Matt hits 5000 posts. From all the folks here at PT---we thank you for all your time and knowledge you share with us all.


----------



## Mattuk (Oct 16, 2010)

Thank you Dave for the very kind words. Its been a pleasure for me to chat with such great people who I learn so much from.


----------



## hassell (Feb 9, 2010)

Congrats. Matt, you definitely bring a different game to the table which has taught us all a lot.


----------



## wvcoyote (Mar 14, 2010)

congrats ol'chap,thanks for your knowledge, and wealth of pictures


----------



## ReidRH (Feb 1, 2010)

Matt You Da Man!! Just Like One Les said to the Other! LMBO


----------



## Mattuk (Oct 16, 2010)

Thank you chaps!


----------



## bones44 (Jan 7, 2011)

Congrats Matt. Thanks for all your knowledge and wealth of info. I enjoy reading about what goes on over in the U.K. Keep up the good work !!


----------



## Mattuk (Oct 16, 2010)

Thank you Tom.


----------



## 220swift (Mar 2, 2011)

Matt, always interested in your point of view and your experiences across the pond. Congrats!!!


----------



## youngdon (Mar 10, 2010)

Thanks for sharing your knowledge and expertise with us and more importantly, being as friend...Congrats !


----------



## Mattuk (Oct 16, 2010)

Thank you Sir.


----------



## destructive_mechanic (Jul 22, 2011)

Here Here!







So does your 5000 posts and the picture of that spirit world indian mushroom of yours mean that you are celebrating with hallucinogenics?


----------



## El Gato Loco (Jan 15, 2010)

Congrats man! Just trying to remember a post that didn't include you bragging about some kill you made... hmm... jerk!


----------



## El Gato Loco (Jan 15, 2010)

All joking aside... I mirror what the other guys have said. You're an *[Excuse my language.... I have a limited vocabulary]* out here man.... err... I mean asset.

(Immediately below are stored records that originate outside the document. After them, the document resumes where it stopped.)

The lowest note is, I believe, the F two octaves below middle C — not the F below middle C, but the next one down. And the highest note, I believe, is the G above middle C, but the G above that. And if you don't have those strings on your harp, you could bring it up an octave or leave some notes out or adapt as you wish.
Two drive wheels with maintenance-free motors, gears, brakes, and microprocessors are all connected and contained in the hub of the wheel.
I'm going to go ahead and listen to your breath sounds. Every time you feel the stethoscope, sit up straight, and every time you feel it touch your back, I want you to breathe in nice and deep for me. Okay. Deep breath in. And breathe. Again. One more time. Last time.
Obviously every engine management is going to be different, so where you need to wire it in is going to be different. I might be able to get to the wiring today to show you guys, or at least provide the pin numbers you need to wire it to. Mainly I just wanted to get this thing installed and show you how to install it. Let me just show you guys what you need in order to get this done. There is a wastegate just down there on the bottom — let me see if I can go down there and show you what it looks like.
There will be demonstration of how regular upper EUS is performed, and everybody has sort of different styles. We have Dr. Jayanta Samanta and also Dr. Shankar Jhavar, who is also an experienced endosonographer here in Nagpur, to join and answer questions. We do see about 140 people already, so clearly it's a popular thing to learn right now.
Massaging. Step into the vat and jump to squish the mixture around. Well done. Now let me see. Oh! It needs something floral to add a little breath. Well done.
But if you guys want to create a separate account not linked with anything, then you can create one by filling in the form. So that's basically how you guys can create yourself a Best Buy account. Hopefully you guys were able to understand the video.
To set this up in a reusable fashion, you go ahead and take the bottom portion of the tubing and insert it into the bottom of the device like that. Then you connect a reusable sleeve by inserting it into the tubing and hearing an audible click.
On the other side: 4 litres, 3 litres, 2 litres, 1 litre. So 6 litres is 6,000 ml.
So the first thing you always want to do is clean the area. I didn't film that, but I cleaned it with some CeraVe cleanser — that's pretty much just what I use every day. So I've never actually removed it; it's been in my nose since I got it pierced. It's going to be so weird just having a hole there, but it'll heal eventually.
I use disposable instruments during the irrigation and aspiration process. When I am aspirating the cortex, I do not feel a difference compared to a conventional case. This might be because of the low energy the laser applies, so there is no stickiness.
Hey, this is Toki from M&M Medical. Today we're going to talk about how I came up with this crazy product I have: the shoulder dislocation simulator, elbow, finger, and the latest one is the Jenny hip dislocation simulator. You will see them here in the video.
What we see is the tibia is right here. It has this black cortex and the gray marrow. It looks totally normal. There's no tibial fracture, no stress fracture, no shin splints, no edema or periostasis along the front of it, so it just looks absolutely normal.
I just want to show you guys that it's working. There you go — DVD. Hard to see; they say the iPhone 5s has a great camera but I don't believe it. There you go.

See how hard it is for me to say something nice?

Really... we love ya, brother. Thanks for being a part of this. I mean it.


----------



## ebbs (Feb 7, 2010)

You're the real deal, Matt. Your quality of knowledge and attitude paired with your humility make you an outstanding guy and a great leader on the forum!


----------



## Mattuk (Oct 16, 2010)

destructive_mechanic said:


> You're the real deal, Matt. Your quality of knowledge and attitude paired with your humility make you an outstanding guy and a great leader on the forum!


Eric that means a lot coming from a gentleman such as yourself.


----------